Many liberals in the House Democratic caucus continue to be opposed to the Senate’s proposal to increase the sales tax by 0.3 percent to raise $300 million. Moderates in the Senate’s Democratic caucus are reluctant to embrace a number of smaller measures passed by the House including: ending the “first mortgage” tax exemption for large banks ($67 million), no longer giving out-of-state residents a break on sales tax ($41 million) and extending the sales tax to candy and gum ($30 million).

State House Speaker Frank Chopp, D-Seattle, state Senate Majority Leader Lisa Brown, D-Spokane and Governor Christine Gregoire have been holding face-to-face negotiations. While Gov. Gregoire continues to oppose a sales-tax increase, she has told Majority Leader Brown that she will not veto a budget agreement that contains a sales tax increase, according to state Senator Ken Jacobsen, D-Seattle.
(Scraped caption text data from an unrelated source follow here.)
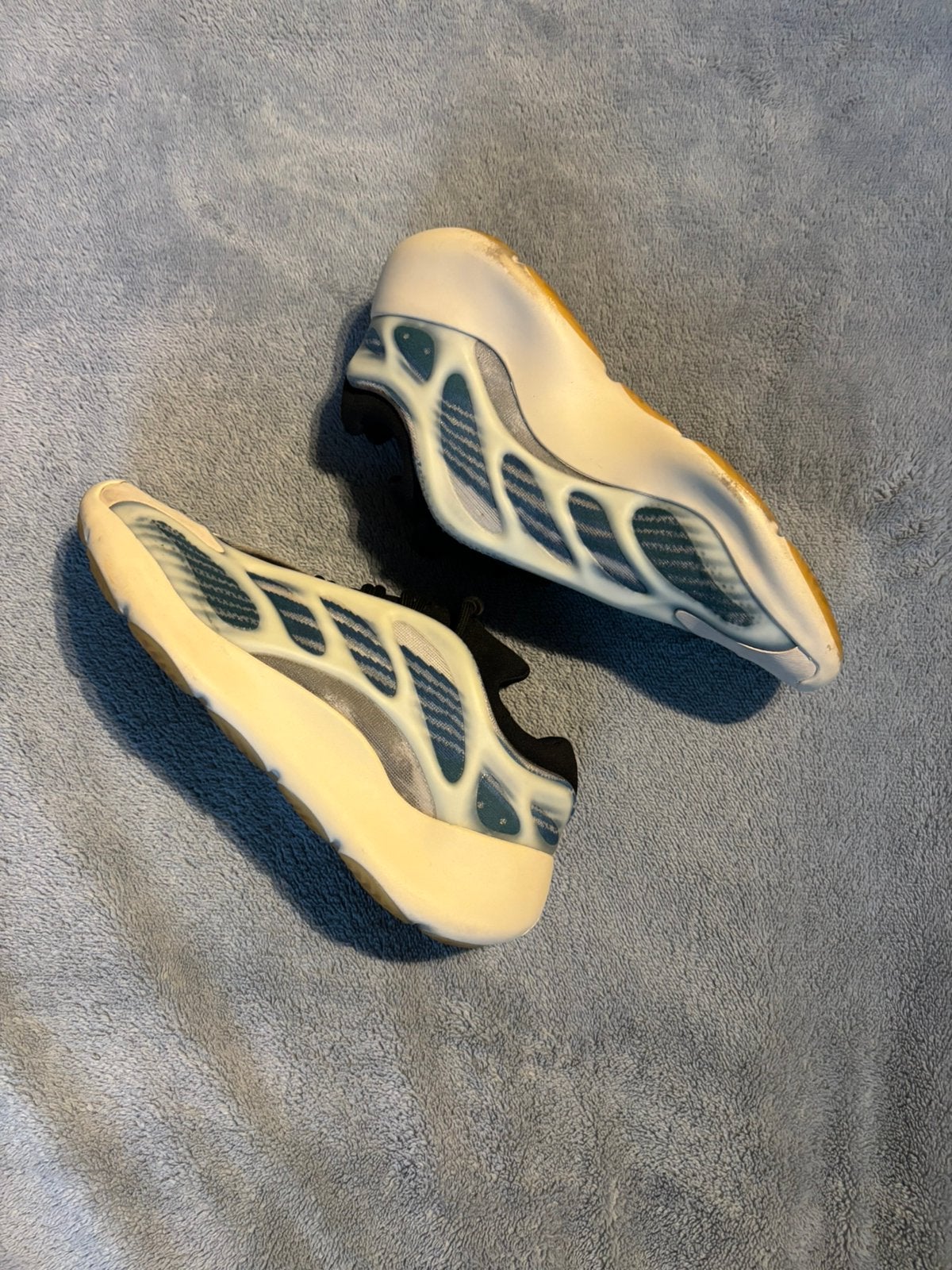 Yeezy 700 v3 kyanite, Ophalen of Verzenden, Zo goed als nieuw, Blauw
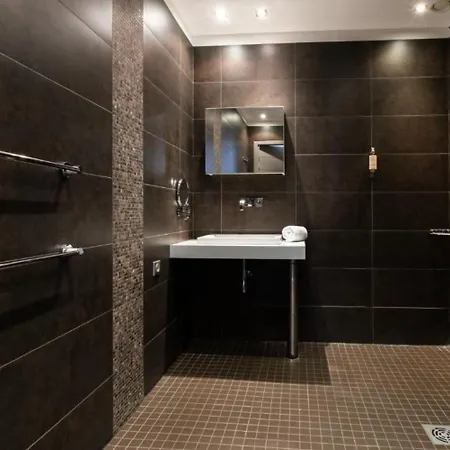 Hotell Roc - 4 Etoiles Les Pieds Dans L'eau 4*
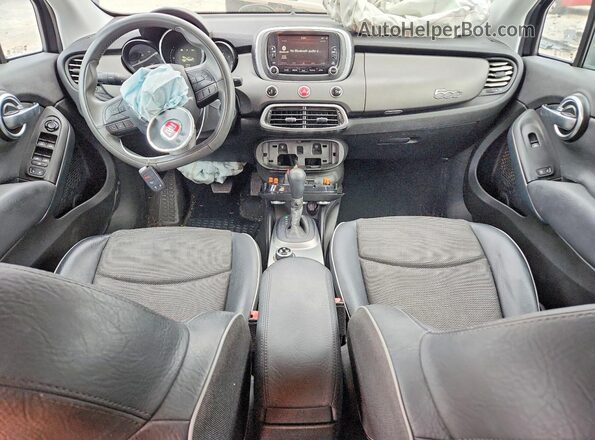 ZFBCFXCT5GP502968 2016 FIAT 500X Black Vista del salpicadero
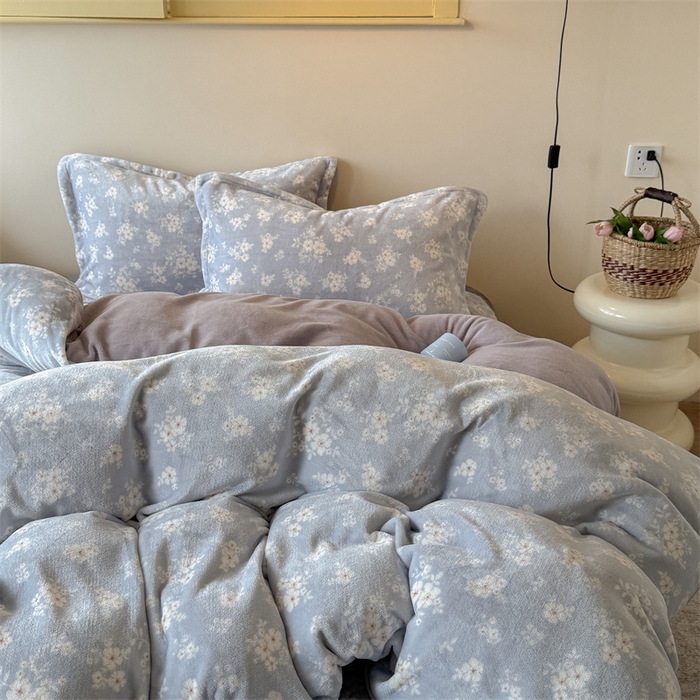 91家纺网 家纺一手货源 找家纺 潘朵拉家纺 2025新款牛奶绒床盖款四件套 蓝屿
The Senate has a budget and revenue team of Majority Leader Brown, Senate Ways and Means Chair Margarita Prentice, D-Renton, state Senator Ed Murray and state Senator Rodney Tom. The House has separate negotiating teams for spending and taxes: The spending or budget team is House Ways and Means Chair Kelli Linville, D-Bellingham, and state Rep. Pat Sullivan, D-Covington; The tax negotiators are Speaker Chopp and House Finance Chair Ross Hunter, D-Medina.

Sen. Tom says the negotiating teams are not yet conducting face-to-face negotiations, but rather having staff members send paper offers back-and-forth. That’s how the agreement on an $800 million tax package was reached. Tom, however, cautions that this is not a major breakthrough. “It’s very interesting how you get to 25 votes in the Senate and 50 votes in the House when you have a House that says, ‘No sales tax’ and a Senate that says, ‘ No first mortgage and no candy-and-gum,’” says Tom. “There’s only about $300 million in agreement. Where are they going to find $500 million?”
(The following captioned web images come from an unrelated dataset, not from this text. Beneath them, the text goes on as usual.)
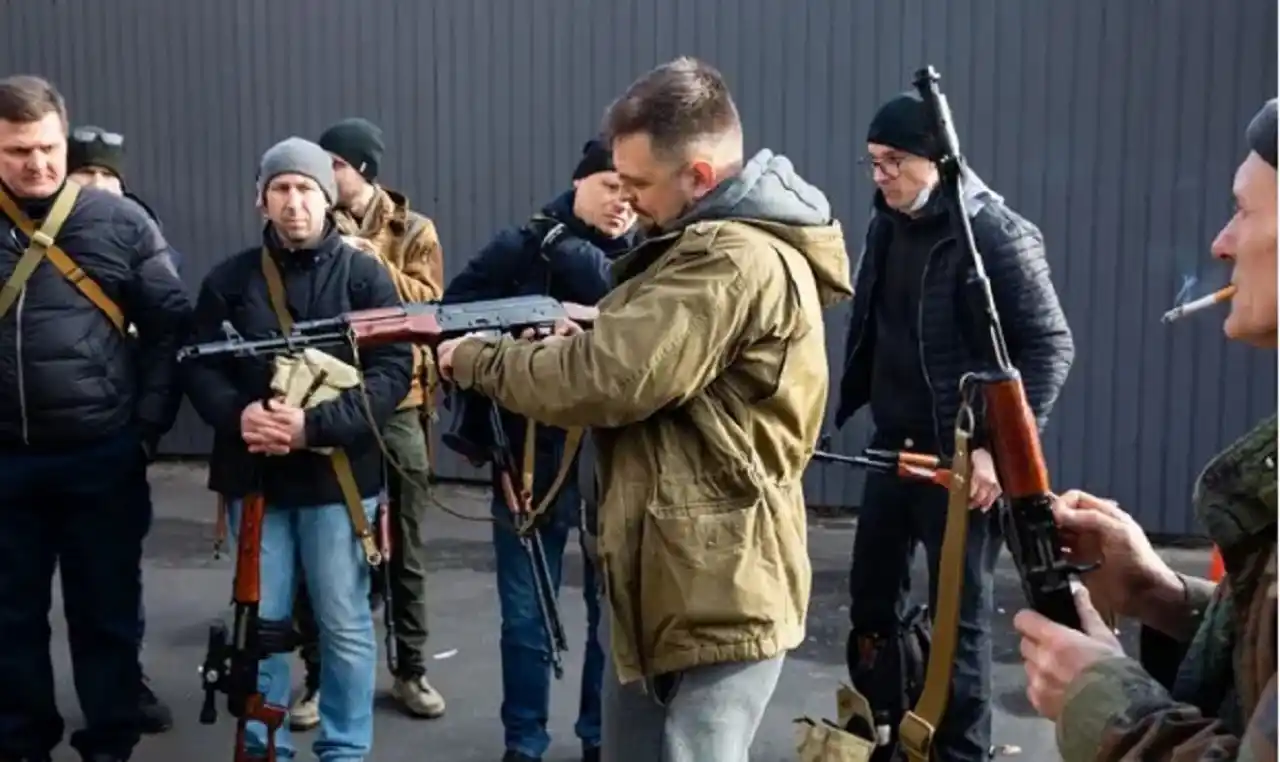 Reparten armas entre civiles y crece la resistencia ucraniana al avance ruso en Kiev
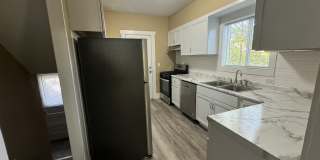 5 Bedroom Rental in Moline Gallery 5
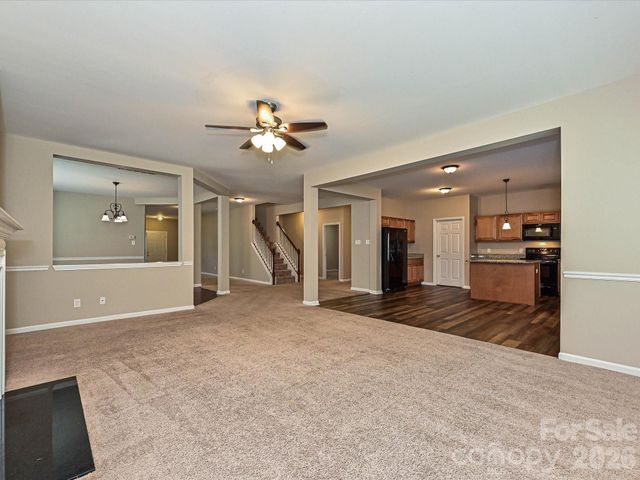 8318 Rockmoor Ridge Road, Charlotte, NC 28215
Tom outlined Majority Leader Brown’s approach to negotiations. “What are the big six items where we have differences?” He mentioned the differences between the House and Senate on spending for the Basic Health Plan (insurance for low-income people), money for General Assistance Unemployable (cash grants for disabled people), the ending fund balance (how much money should the Legislature keep in reserve in case the economy gets worse), contributions to public employees benefits and the specific makeup of the tax packages. “You need to list them and say, ‘We are willing to give on these three and you need to give on those three,’” says Tom.

Tom is not optimistic about the House adopting this approach. State House Speaker “Frank Chopp doesn’t negotiate that way. He’ll give you his three that are worth $3 million and take your three that are worth $300 million,” says Tom.
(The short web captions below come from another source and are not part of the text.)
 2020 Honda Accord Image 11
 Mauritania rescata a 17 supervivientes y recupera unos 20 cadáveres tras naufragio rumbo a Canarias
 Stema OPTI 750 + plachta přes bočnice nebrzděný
Senator Jacobsen says many Senators are wary of negotiations with the House. “There has been a long-term pattern where the House prevails over the Senate,” observes Jacobsen.

Sen. Tom says this year may break that pattern. “Lisa [Brown] wants some real movement from the House before she makes concessions,” says Tom.

Comments

By Reality Check on March 18th, 2010 at 8:18 am

All taxes end up being paid by the consumer, sooner or later.

Oregon shoppers will not drive to Washington for the privilege of paying 8% to 10% more for everything they buy.

Drop exemptions for Oregon residents who cross into Washington to shop – and businesses will move a couple miles across the border to Oregon where neither Washington nor Oregon shoppers will pay taxes to Washington.

Many Washington residents will drive a couple of miles into Oregon to buy from the larger, cheaper retailers who moved to Oregon.

Businesses left in Washington will have less volume and will raise prices on Washington shoppers who do not drive to Oregon, which will encourage more shoppers to drive to Oregon.

B&O tax revenue will drop when the volume of sales drop so tax revenues will also drop.

By Reality Check on March 18th, 2010 at 8:18 am

They plan to raise taxes by Nearly one Billion dollars and only 300 Million of that is proposed to be an honest, above board, tax on the consumers, and that is in the Senate only.

The House wants to raise all the taxes as hidden taxes, they believe nobody will blame them when the rate at which jobs leave one of the highest tax states in the United States accelerates.

Who are they going to tax when all the jobs are gone ???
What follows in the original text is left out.